Servono due parole per rispondere all'onorevole Cicchitto, che scambiando l'aula di Montecitorio per un bivacco piduista si è permesso di accostare il nome di Repubblica a quello dell'aggressore di Berlusconi in piazza Duomo.

Il presidente Napolitano aveva appena invitato tutti, davanti alla gravità dell'episodio di Milano, a fermare la pericolosa esasperazione della polemica politica. E Berlusconi aveva ricevuto la solidarietà di amici e avversari - da Fini a Casini a Bersani, a Repubblica naturalmente - nella condanna senza riserve, da posizioni che sono e restano diverse, di un gesto folle e criminale.

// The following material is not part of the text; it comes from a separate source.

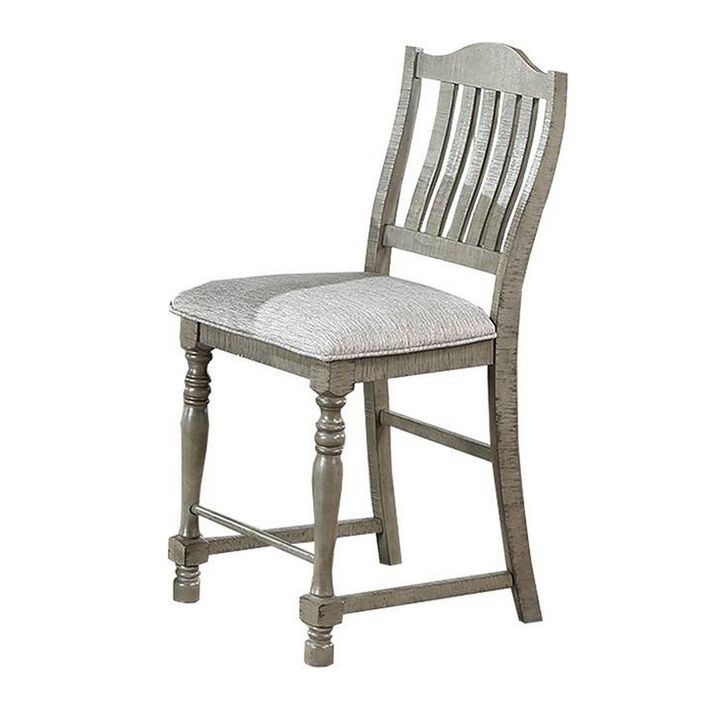 Rizi Counter Height Chair Set of 2, Carved Legs, Open Slats, Gray Wood - Benzara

Ieri Cicchitto si è incaricato di ripristinare immediatamente il clima di guerra, senza il quale l'anima più ideologica e rivoluzionaria (nel senso di Licio Gelli, non di Mussolini) della destra non riesce a sopravvivere e ad esprimersi. Per lui, la mano dell'aggressore di Berlusconi "è stata armata da una spietata campagna di odio, il cui obiettivo è il rovesciamento di un legittimo risultato elettorale". A condurre questa campagna secondo Cicchitto è il network dell'odio composto dal gruppo Repubblica-Espresso, dal Fatto, da Santoro, da Travaglio (definito in Parlamento "terrorista mediatico") dal partito di Di Pietro e dai pubblici ministeri che indagano su Berlusconi.
Poche ore dopo Cicchitto insieme con la Lega e con Tremonti è partito all'assalto del presidente della Camera Fini, che si era permesso di definire la scelta del governo di porre la fiducia sulla legge finanziaria certo legittima, ma "deprecabile" perché impedisce all'aula di esprimersi sulla manovra. Anche il ministro Bondi si è immediatamente accodato all'attacco pubblico a Fini. Chi critica il governo, chi manifesta un'opinione non conforme, sui giornali, in Parlamento o in televisione, diventa un nemico del Paese, un avversario della sovranità popolare, un fomentatore d'odio, e arma fisicamente la mano degli aggressori.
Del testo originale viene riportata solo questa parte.